第13話
どのようなことがあって、どう感じていたのか伝えることが目的なのに、記憶を思い出そうとしてみたものの、ほとんどそこでの記憶がないのが面白い。殴られたのか、怒鳴られたのか、それすらも。
だから記憶のある部分から書こうと思う。
結果として、僕は、連れ戻されてからその日の内に逃げ出した。今考えてみても、ものすごく巧妙に逃げ出したと思っている。
風呂に父親たちが入っている隙に逃げ出したのだ。その方法は窓からである。ベランダから逃げ出すと窓が大きく鍵が開いてればすぐにバレてしまう。もちろん、玄関からも一緒だ。
だから僕は靴をはいて、子ども部屋として使っていた場所の小さな窓から抜け出した。そこには柵が窓の外に設けられていたが、そこを上からすり抜けて脱出した。計画的にやったのか、チャンスと思って行動したのかは定かではない。

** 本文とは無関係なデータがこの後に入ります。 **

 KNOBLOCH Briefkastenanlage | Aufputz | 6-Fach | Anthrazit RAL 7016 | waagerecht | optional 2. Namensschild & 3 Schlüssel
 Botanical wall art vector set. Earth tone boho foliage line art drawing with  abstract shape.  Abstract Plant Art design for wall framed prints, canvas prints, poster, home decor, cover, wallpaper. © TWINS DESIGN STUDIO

とにかくまた走った。どうしてかはわからないけど、徒歩30分程にあるファミレスに気が付くと入っていた。
そこに置いてあった公衆電話で祖母の家に電話をして、逃げてきたことを伝えた。迎えにきてくれるようで、ファミレスに入って待った。
そこの光景は鮮明に覚えていて、ドリンクバー横の四人がけの席に案内されて座った。
母親が後から来ることを店員さんに伝えたと思う。僕はセルフサービスの水を飲みながら母親を待った。

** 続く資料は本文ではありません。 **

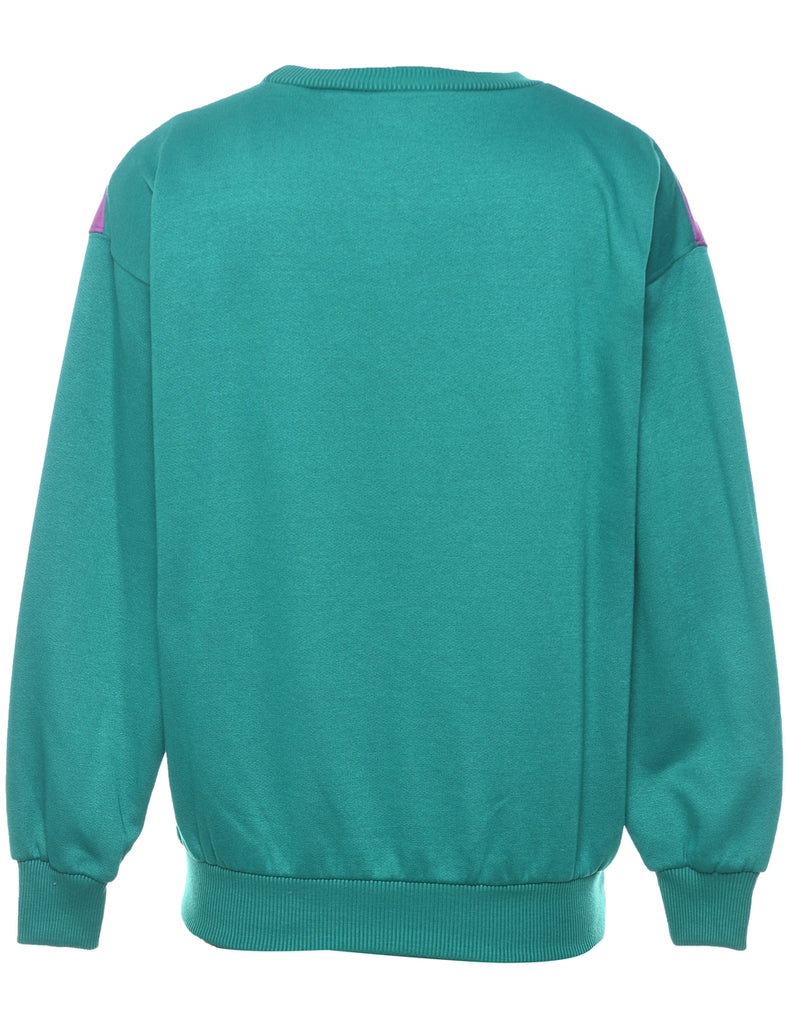 Colour Block 1980s Multi-Colour Sweatshirt - M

今考えると、ものすごく迷惑な客だし、お店側もよく通報しなかったなと思う。本当にあの時の従業員の方たちには感謝している。
しばらくすると母親がタクシーで来てくれて、そこからそのお店でご飯を食べた。母親は店員さんに感謝を伝えていた。あの時のハンバーグは美味しかったなとこれを書きながら思い出に浸った。